When I was a new New Orleanian, I considered Creole tomatoes an overhyped local tradition. However, my first visit to the Crescent City Farmers Market resulted in an ample slice of humble tomato pie.

Boasting flavors so vivid they do not need salt, Creole tomatoes are now one of my favorite New Orleans staples. The city's brutal summer heat makes gazpacho my preferred way to use them. Variations on the cold Spanish soup range from cucumber and grape to classic tomato. It's killer health food: One cup has hefty doses of lycopene and vitamin C and less than 100 calories. The trick is making the dish lively and interesting. In gazpacho's case, that means ensuring you don't accidentally serve salsa with a soup spoon.

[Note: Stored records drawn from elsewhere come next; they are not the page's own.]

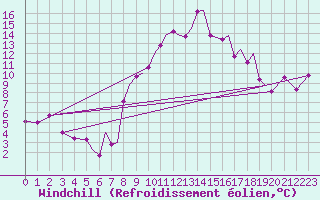 Courbe du refroidissement olien pour Hawarden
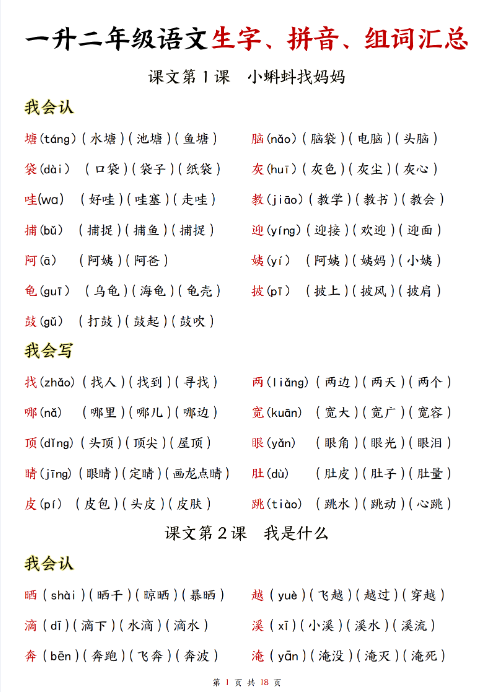 24秋二年级语文上册期末生字拼音组词汇总纯图版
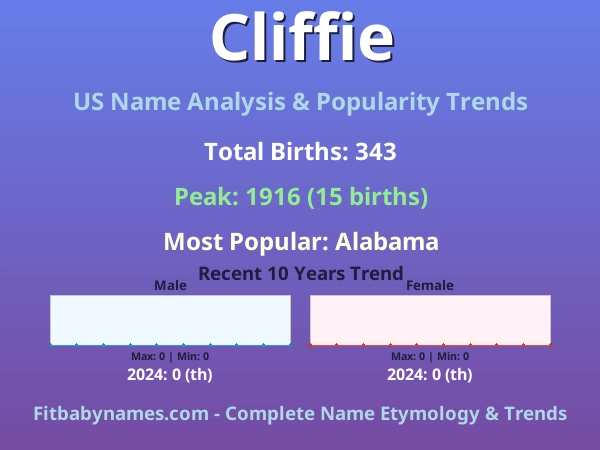 Infographic: Cliffie name meaning, origin, and popularity trends in the United States (US baby name analysis chart)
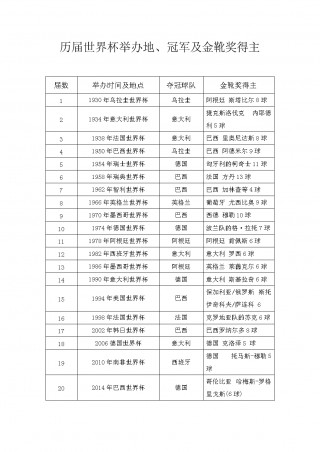 历届世界杯冠军国家名单(历届世界杯冠军国家名单表)
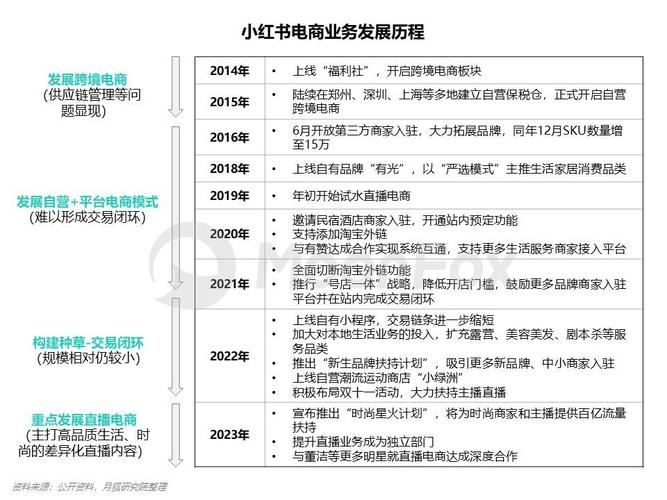 如何在小红书业务自助平台上高效开展营销活动？-图3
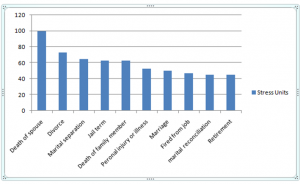 bar chart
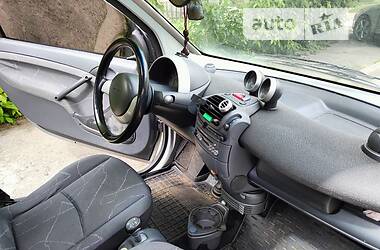 Купе Smart Fortwo 2006 в Києві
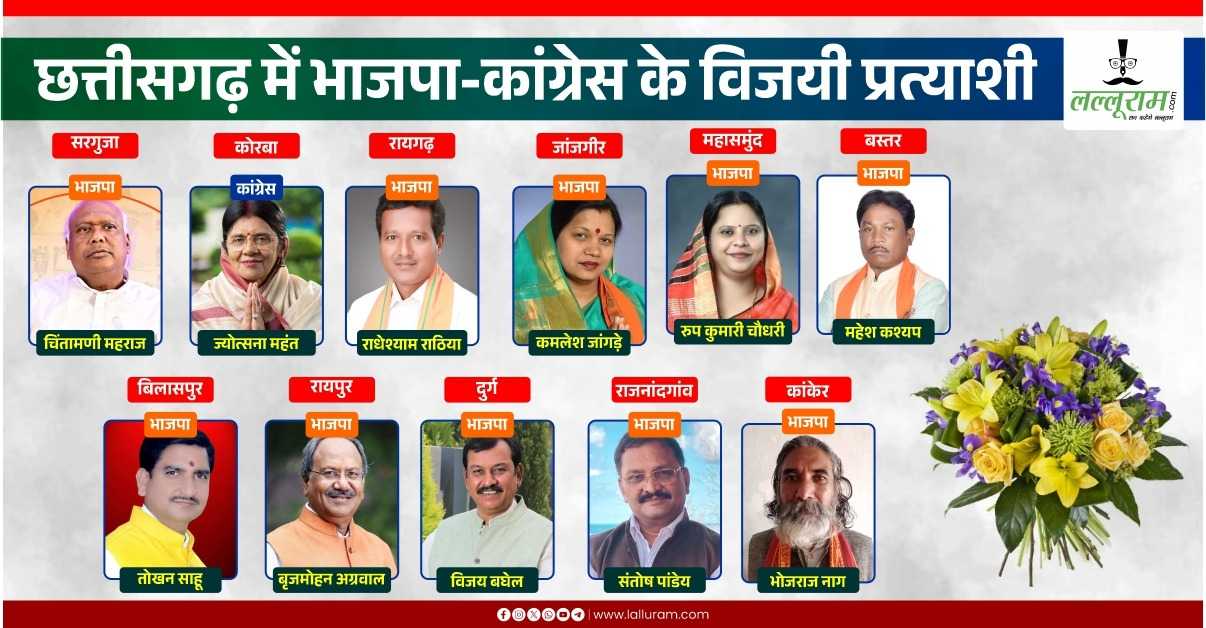 Election Results 2024 : छत्तीसगढ़ की 10 सीटों पर भाजपा का कब्जा, सिर्फ एक सीट पर कांग्रेस की जीत, जानिए कहां कितने वोट से जीते प्रत्याशी…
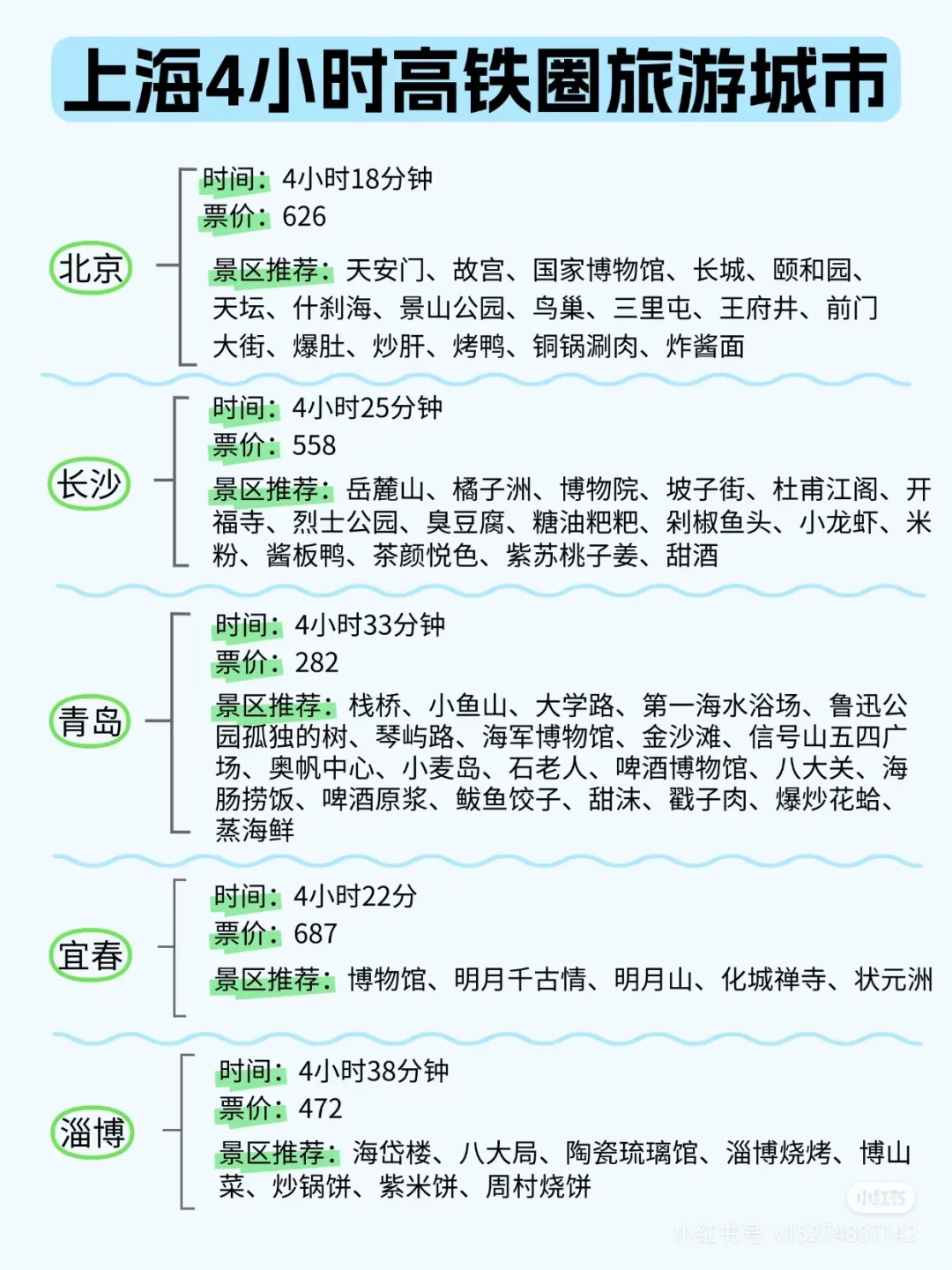 五一去哪玩，4小时上海高铁旅游攻略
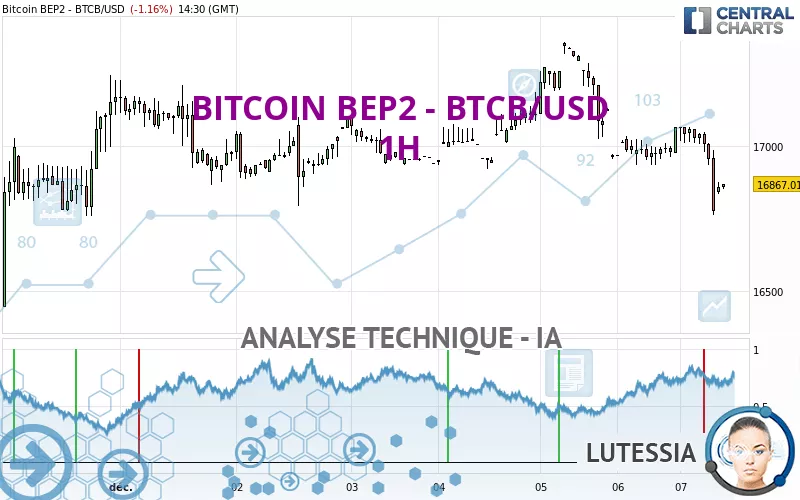 BITCOIN BEP2 - BTCB/USD - 1H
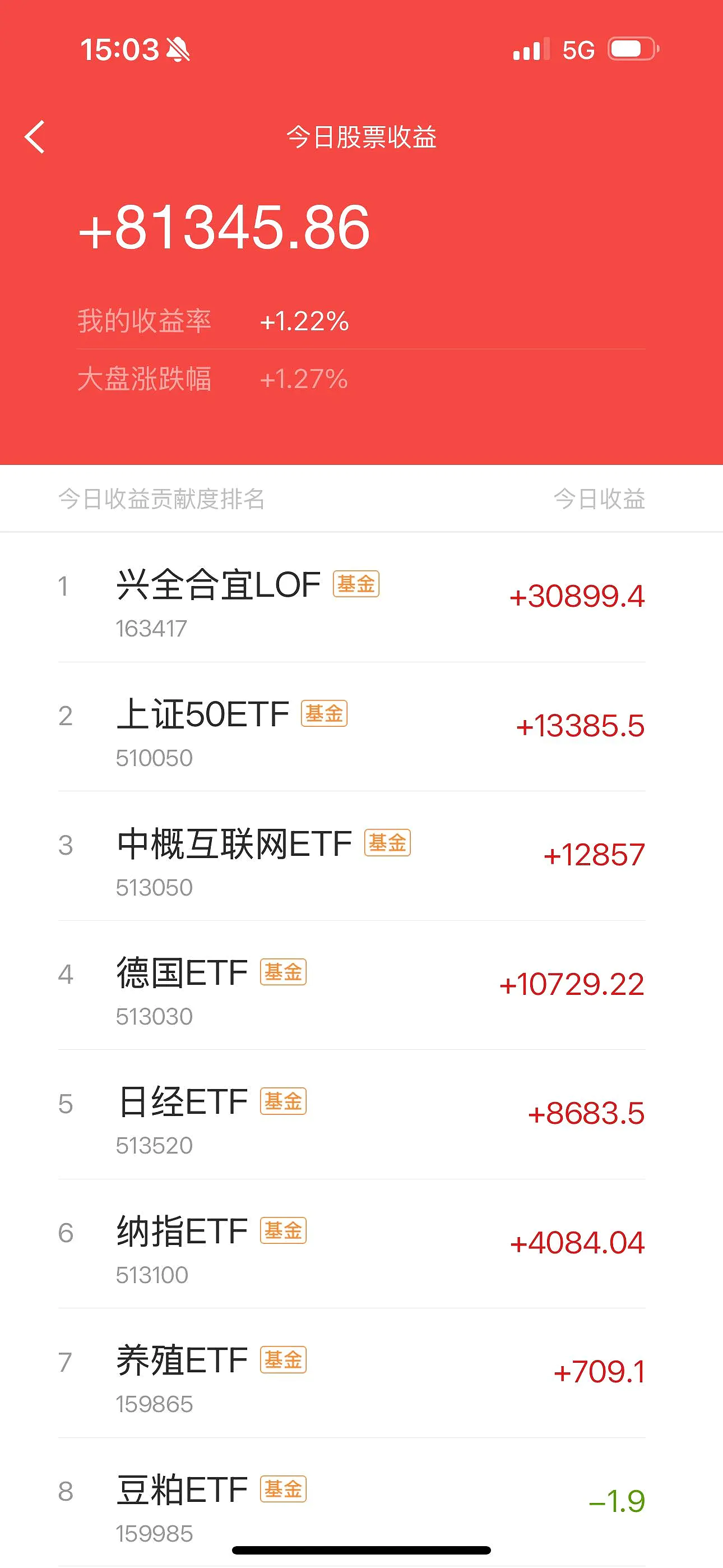 152只ETF获融资净买入 国泰纳斯达克100ETF居首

Here are a few hints and tricks:

In terms of preparation, gazpacho falls somewhere between vinaigrette and a salsa. The foundation is always oil, vinegar and a binding agent, traditionally day-old bread softened in water and vinegar. This recipe features a creative take: a mix of Champagne and red wine vinegar paired with almond oil. If you want a thicker soup, pulverized toasted almonds or roasted garlic can provide tasty, nutrient-dense alternatives to bread.

Gazpacho recipes and salsas share similar ingredients: bell pepper, garlic and/or shallot, occasionally onion and cucumber. Many recipes call to chop everything, throw it in a blender and pulse the ingredients. I prefer a food mill for a better texture with no seeds, but mortars and pestles or martini shakers make quick substitutes for a blender.

Everything should accentuate the Creole tomato, not overpower it. If I'm stuck with a blender, I blend all but one tomato, add cucumber and pepper in batches and taste often. Once I'm pleased with the flavor, I add the last tomato, pulse quickly and finish balancing the flavor with oils, vinegars and spices.

Because gazpacho is a quick dish that's easy to make in bulk, it's often the last thing prepared when entertaining. So what happens when the tomatoes aren't as ripe as you thought? Core the fruit or use whole canned tomatoes to boost the flavor. If you have time, store fresh tomatoes in a paper bag with an apple to ripen them.




Red wine vinegar gazpacho

2-1/2 lbs. tomatoes, cored and coarsely chopped

1-1/2 seedless cucumbers, peeled and coarsely chopped

1 bell pepper (red preferred), coarsely chopped

3 cloves garlic

1/8 cup Champagne vinegar

1/8 cup sherry vinegar (or red wine)

1/3 cup almond oil

1 teaspoon hot Spanish paprika

Dash cinnamon

Salt and freshly ground pepper

Finely chopped shallot for garnish (optional)

Shrimp, crab or lobsterfor garnish (optional)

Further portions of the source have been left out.